Seek out organizations that focus on sharing survivor's stories with the next generation and host events at your local schools and community centers. The UJA's Witness Project, for example, is a program that brings students into the homes of Holocaust survivors on a bi-weekly basis. The program culminates with a live performance where the teenagers act out the survivor's story in the first person.

"What I love about the Witness Project is that we form relationships with survivors and get to know them as people," says Pashman. "We hear about their lives before and after the Holocaust and talk about their careers, their hobbies, and their grandchildren."

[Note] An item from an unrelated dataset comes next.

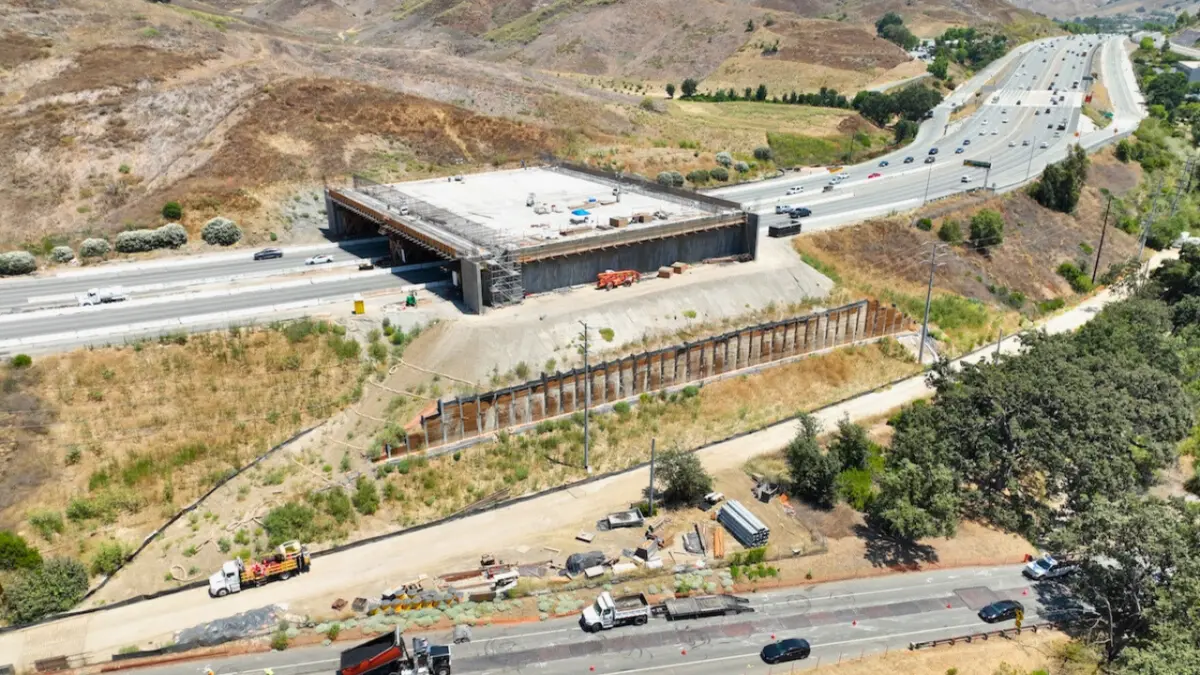 Aerial view of the Wallis Annenberg Wildlife Crossing under construction, spanning 10 lanes of freeway amid hills and oak trees.
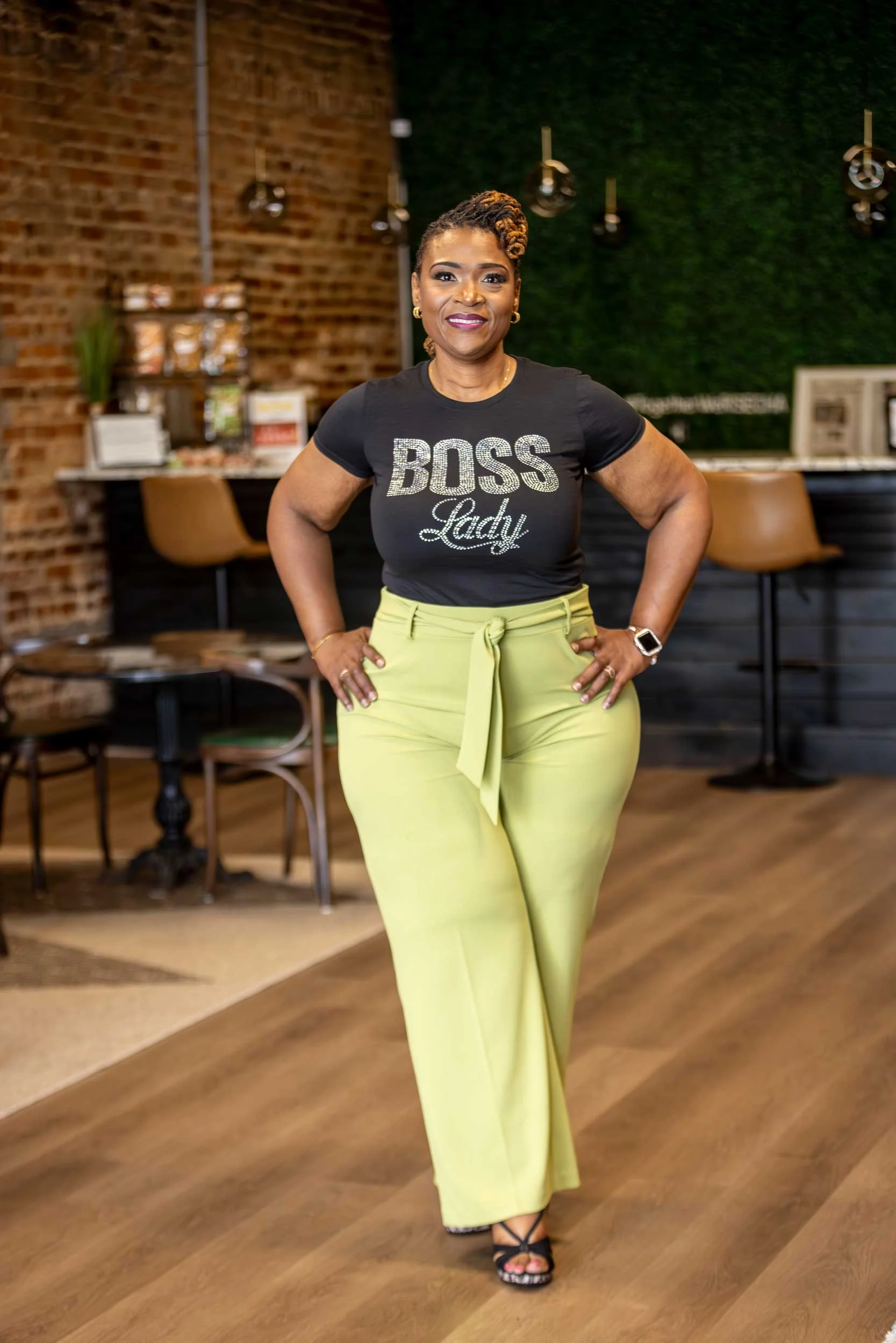 A woman standing with her hands on her hips in a cafe or restaurant with brick walls, green plants, and chairs in the background. She is wearing a black t-shirt with the words 'BOSS Lady' and yellow pants.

Another great way to educate your children is to bring them to a museum or exhibit focused on the Holocaust. "There is something powerful about standing in an exhibition and engaging in both an inquiry into history and a reflective look at oneself through this topic," says Dr. Tritter. "These are places and institutions that can help guide students through this difficult and upsetting topic, providing students and their families with a more thoughtful and more rewarding experience than most teachers can provide in the classroom."

Tyler Gildin is a director, producer, and creative, but most importantly a dad of two kids. He directed and produced the documentary The Starfish that tells his grandfather's Holocaust story, and is now available on Apple TV, Amazon Prime Video, and several other streaming services. He currently hosts the Father Material, a podcast focused on exploring how fatherhood impacts one's creative process and path. You can follow his almost daily updates on balancing being a creative and a dad on Twitter.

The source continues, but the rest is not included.